Why I Can't Call Myself a Career Coach
For many business owners, what we do doesn't fit into a tidy box. That's one of the appeals of entrepreneurship: you get to make up your job and create a role that a corporation would split up and assign to several individuals. The freedom and innovation that doing your own thing provides is wonderful. But what to call yourself? It’s hard to name a thing that isn’t routinely done.
When I first started out I called myself a coach. I had done a coaching training program...or at least, I had started it. I took the courses on how to actually work with clients but when it came to the business building portion of the program, I wanted to learn those skills elsewhere. So even though I was trained to do the work of a coach, I never completed a certification program. Coaching school drop out, am I.
And you know what? That part has been fine. Only one potential client has asked if I'm certified. I trained for the skill and not the piece of paper, anyway.
Not the Whole Story
But even early on, "coaching" didn't feel like it was telling the whole story of how I worked with people, and the more I developed the Your Career Homecoming program and responded to what people needed, the more I knew that I had definitely left the land of "coaching" in it's purest form.
My commitment to my clients has always been to (ethically) do what works in order for them to get the result we set out to get. Even that doesn't sound very coachy; goal-oriented work is what I find most satisfying. I like knowing that we have Done The Thing.
And while I am working with people specifically to achieve a career outcome, we don't look at "career" in a vacuum. We want a career that works for the full person, and people have families and goals and priorities that inform what they're able and willing to do in their career.
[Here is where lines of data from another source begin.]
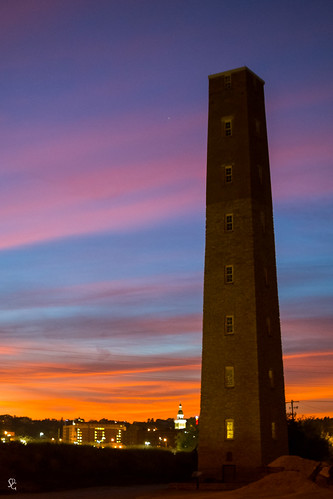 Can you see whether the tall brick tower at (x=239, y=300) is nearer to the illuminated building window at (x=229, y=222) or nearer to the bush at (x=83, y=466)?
the illuminated building window at (x=229, y=222)

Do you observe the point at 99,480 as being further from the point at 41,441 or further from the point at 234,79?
the point at 234,79

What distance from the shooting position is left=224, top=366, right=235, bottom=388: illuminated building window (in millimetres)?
51219

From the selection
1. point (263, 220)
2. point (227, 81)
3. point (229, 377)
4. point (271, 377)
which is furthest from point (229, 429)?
point (227, 81)

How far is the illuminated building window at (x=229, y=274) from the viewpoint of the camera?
53.1m

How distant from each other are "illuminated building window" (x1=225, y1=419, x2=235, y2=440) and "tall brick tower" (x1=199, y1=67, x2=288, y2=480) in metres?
0.12

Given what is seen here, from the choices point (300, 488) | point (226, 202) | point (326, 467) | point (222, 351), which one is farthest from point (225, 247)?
point (300, 488)

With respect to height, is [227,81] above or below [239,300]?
above

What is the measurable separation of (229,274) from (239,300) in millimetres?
2298

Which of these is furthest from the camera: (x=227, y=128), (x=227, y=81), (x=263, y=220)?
(x=227, y=81)

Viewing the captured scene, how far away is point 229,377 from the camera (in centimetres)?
5147

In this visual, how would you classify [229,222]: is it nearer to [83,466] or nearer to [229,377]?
[229,377]

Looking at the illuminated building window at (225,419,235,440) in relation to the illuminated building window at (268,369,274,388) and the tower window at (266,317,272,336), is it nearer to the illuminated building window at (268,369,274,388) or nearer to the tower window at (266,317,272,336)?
the illuminated building window at (268,369,274,388)

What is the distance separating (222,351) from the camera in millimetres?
52031

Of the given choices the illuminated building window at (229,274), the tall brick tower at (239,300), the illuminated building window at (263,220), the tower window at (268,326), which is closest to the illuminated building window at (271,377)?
the tall brick tower at (239,300) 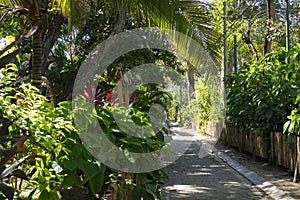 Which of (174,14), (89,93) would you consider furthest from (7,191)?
(174,14)

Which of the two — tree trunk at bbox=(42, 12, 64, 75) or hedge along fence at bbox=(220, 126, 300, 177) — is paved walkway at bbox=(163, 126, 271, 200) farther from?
tree trunk at bbox=(42, 12, 64, 75)

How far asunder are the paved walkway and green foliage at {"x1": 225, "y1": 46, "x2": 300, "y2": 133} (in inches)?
49.6

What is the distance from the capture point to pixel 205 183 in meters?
7.11

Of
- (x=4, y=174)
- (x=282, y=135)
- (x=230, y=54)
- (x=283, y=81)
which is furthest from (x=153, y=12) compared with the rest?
(x=230, y=54)

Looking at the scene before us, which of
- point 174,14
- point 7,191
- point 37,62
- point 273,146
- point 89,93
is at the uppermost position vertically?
point 174,14

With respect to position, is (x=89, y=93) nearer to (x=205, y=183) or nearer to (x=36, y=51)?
(x=36, y=51)

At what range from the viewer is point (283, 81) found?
7.60m

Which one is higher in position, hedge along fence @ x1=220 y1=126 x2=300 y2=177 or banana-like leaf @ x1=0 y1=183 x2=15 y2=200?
banana-like leaf @ x1=0 y1=183 x2=15 y2=200

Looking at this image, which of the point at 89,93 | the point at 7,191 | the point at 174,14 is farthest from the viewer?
the point at 174,14

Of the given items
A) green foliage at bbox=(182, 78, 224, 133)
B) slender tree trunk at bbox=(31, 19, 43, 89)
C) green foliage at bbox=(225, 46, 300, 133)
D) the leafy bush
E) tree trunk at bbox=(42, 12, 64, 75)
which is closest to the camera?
the leafy bush

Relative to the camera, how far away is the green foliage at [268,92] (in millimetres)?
7320

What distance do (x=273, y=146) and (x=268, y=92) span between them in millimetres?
1103

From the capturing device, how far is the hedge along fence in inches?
278

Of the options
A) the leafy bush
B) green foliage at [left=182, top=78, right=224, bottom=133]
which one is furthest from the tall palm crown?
green foliage at [left=182, top=78, right=224, bottom=133] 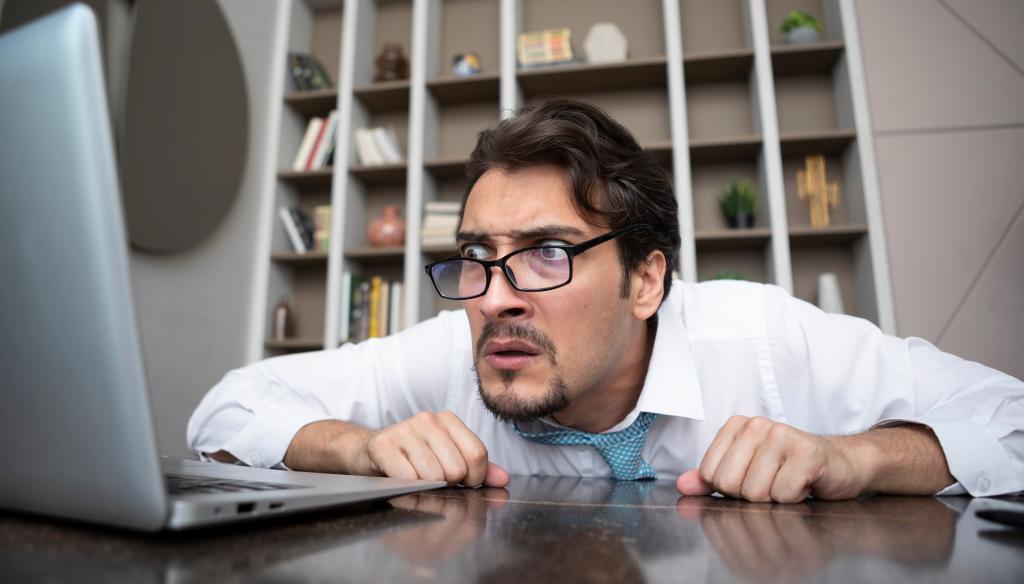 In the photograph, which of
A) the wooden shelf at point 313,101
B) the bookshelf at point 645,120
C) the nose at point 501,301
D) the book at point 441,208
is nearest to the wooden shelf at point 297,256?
the bookshelf at point 645,120

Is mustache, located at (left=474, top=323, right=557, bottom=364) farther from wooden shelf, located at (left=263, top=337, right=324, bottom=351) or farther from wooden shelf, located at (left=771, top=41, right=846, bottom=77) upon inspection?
wooden shelf, located at (left=771, top=41, right=846, bottom=77)

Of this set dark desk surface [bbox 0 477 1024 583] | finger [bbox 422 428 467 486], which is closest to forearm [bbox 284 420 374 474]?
finger [bbox 422 428 467 486]

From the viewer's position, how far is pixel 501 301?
1027 mm

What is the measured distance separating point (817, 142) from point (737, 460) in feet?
8.39

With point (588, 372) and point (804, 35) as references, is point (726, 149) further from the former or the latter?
point (588, 372)

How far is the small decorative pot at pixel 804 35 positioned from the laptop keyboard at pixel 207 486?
10.3 feet

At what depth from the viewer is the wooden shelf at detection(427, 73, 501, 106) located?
309 cm

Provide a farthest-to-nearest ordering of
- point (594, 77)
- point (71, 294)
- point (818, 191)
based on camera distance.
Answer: point (594, 77), point (818, 191), point (71, 294)

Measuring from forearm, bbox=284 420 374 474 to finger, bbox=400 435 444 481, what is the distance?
3.5 inches

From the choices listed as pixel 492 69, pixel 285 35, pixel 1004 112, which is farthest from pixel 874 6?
pixel 285 35

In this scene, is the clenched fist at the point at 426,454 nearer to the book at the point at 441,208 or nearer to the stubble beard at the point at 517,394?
the stubble beard at the point at 517,394

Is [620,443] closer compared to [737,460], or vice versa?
[737,460]

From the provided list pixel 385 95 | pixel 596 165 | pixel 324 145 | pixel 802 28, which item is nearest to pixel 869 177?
pixel 802 28

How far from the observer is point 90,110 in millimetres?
302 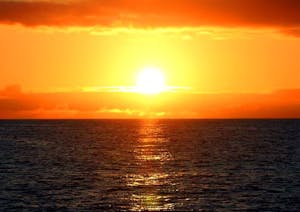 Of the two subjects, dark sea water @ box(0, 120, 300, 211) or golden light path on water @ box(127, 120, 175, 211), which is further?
dark sea water @ box(0, 120, 300, 211)

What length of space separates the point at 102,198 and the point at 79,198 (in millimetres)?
2843

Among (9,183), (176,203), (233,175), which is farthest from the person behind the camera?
(233,175)

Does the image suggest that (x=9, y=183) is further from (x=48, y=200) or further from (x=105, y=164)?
(x=105, y=164)

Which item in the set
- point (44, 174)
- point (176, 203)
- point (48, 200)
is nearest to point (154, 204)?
point (176, 203)

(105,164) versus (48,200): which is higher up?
(105,164)

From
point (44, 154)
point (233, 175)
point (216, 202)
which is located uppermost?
point (44, 154)

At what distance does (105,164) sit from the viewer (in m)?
117

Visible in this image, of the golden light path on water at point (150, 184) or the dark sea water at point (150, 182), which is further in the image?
the dark sea water at point (150, 182)

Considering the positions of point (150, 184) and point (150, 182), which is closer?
point (150, 184)

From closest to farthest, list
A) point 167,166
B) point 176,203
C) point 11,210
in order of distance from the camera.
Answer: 1. point 11,210
2. point 176,203
3. point 167,166

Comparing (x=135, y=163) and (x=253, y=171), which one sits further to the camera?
(x=135, y=163)

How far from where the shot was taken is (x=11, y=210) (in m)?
65.6

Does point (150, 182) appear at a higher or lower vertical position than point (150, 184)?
→ higher

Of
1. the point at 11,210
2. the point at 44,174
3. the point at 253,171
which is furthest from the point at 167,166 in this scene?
the point at 11,210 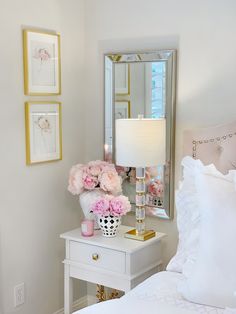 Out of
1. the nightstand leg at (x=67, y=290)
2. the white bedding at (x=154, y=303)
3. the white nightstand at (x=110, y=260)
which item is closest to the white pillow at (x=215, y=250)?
the white bedding at (x=154, y=303)

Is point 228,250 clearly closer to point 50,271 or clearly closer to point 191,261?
point 191,261

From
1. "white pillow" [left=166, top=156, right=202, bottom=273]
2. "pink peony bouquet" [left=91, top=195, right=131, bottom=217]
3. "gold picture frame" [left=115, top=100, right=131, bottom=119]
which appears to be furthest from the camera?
"gold picture frame" [left=115, top=100, right=131, bottom=119]

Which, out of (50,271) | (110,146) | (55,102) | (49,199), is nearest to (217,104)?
(110,146)

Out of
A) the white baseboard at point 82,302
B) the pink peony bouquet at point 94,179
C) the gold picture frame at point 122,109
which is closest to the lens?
the pink peony bouquet at point 94,179

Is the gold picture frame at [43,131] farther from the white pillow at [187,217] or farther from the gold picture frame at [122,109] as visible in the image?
the white pillow at [187,217]

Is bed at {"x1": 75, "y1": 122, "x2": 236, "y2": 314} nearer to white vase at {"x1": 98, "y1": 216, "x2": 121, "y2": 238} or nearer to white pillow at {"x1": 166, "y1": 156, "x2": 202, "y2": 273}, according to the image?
white pillow at {"x1": 166, "y1": 156, "x2": 202, "y2": 273}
So while I don't think of myself as a life coach, the fact that we take a holistic view means that it's not just about career in the traditional sense.
What I Really Do
I use a combination of modalities with clients depending on what will serve them best based on who they are and where they are in the career choice/career change process.
This looks like me asking the right questions so a client can find their own truthful answer. This part is critical, because I have no interest going around telling people what they should do with their lives.
Because sometimes people do just need to be told how to do something, how to avoid a bad situation, or what to say in a difficult situation without going through round after round of thoughtful questions.
I've found that a huge barrier to people finding meaningful work is that they are miseducated about what meaningful work actually is and how to find it. I have experience teaching at the undergraduate and graduate level and really nerd out on creating a curriculum and culture that supports reaching specific outcomes.
I SHARE MY EXPERIENCE.
I've been through my own career crisis, walked away from a career I once loved, started a business, supported my husband in quitting his tenure track academic job, have moved across the country for my career multiple times, have gone to graduate school, been fired from a dream job, quit a job after the first day, started a family while running a business, taken part-time and full-time work in the early days of my biz, and am now the primary breadwinner.
All that to say: I've seen some sh*t when it comes to careers. If there's something from my personal experience that can help a client, I want them to have it.
What To Call Me
And so if Google or the government asks me to describe what I do, I'll say "career coach" because close enough.
But I really see my role is as a mentor. That’s exactly the kind of support I wish I'd had when I didn't know what to do and was feeling pretty hopeless about my career.
So, what should you call me? Call me Laura Simms, founder of Your Career Homecoming. Because it's really the only title that fits.